Thanks to their mighty power, flat magnets are commonly used in structures that need exceptional adhesion.
The standard temperature resistance of these magnets is 80°C, but depending on the dimensions, this value can increase.
In addition, flat magnets commonly have different coatings applied to their surfaces, e.g. nickel, gold, or chrome, to improve their durability.
The magnet labeled MPL 40x10x4x2[7/3.5] / N38 and a magnetic strength 6.32 kg which weighs just 12 grams, making it the perfect choice for applications requiring a flat shape.

Neodymium flat magnets offer a range of advantages versus other magnet shapes, which lead to them being the best choice for various uses:
Contact surface: Thanks to their flat shape, flat magnets ensure a larger contact surface with adjacent parts, which can be beneficial in applications needing a stronger magnetic connection.
Technology applications: These are often utilized in various devices, such as sensors, stepper motors, or speakers, where the flat shape is crucial for their operation.
Mounting: Their flat shape makes it easier mounting, particularly when it is required to attach the magnet to some surface.
Design flexibility: The flat shape of the magnets gives the possibility designers greater flexibility in arranging them in devices, which can be more difficult with magnets of more complex shapes.
Stability: In some applications, the flat base of the flat magnet can offer better stability, minimizing the risk of sliding or rotating.

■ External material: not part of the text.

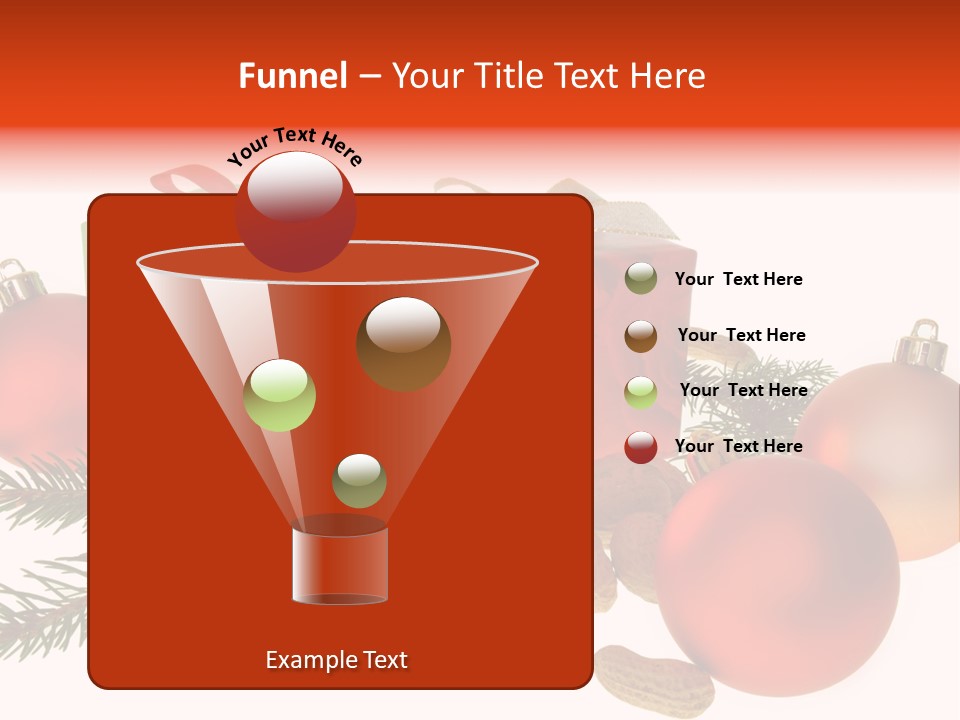 Gift Package Bow PowerPoint Template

However, it's important to note that the optimal shape of the magnet depends on the given use and requirements. In certain cases, other shapes, such as cylindrical or spherical, are more appropriate.

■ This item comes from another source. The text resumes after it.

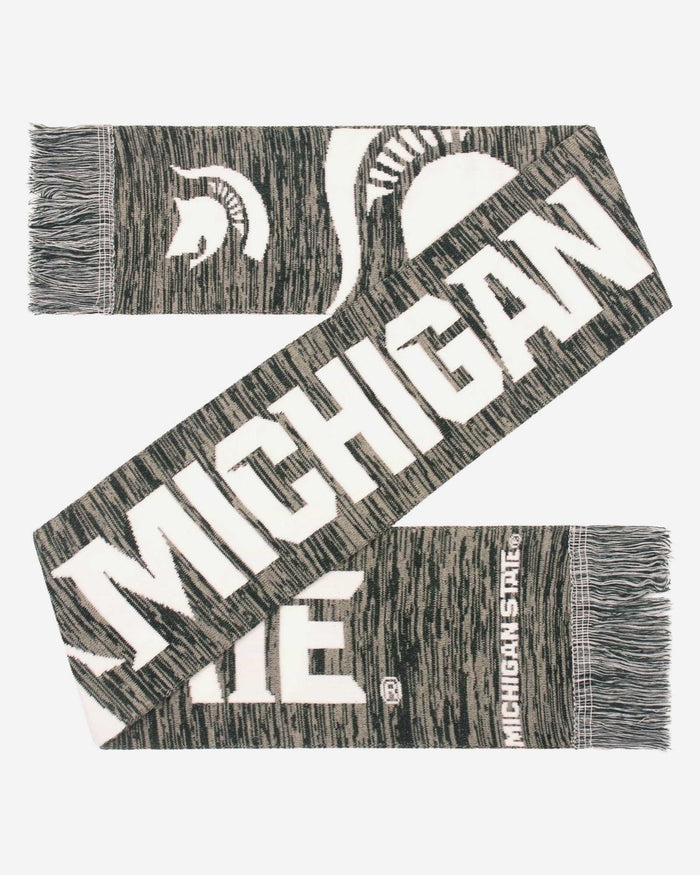 Michigan State Spartans Wordmark Big Logo Colorblend Scarf FOCO - FOCO.com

Magnets attract ferromagnetic materials, such as iron, objects containing nickel, cobalt and special alloys of ferromagnetic metals. Moreover, magnets may lesser affect some other metals, such as steel. It’s worth noting that magnets are utilized in various devices and technologies.

The operation of magnets is based on the properties of the magnetic field, which arises from the ordered movement of electrons in their structure. The magnetic field of these objects creates attractive forces, which attract objects made of iron or other magnetic materials.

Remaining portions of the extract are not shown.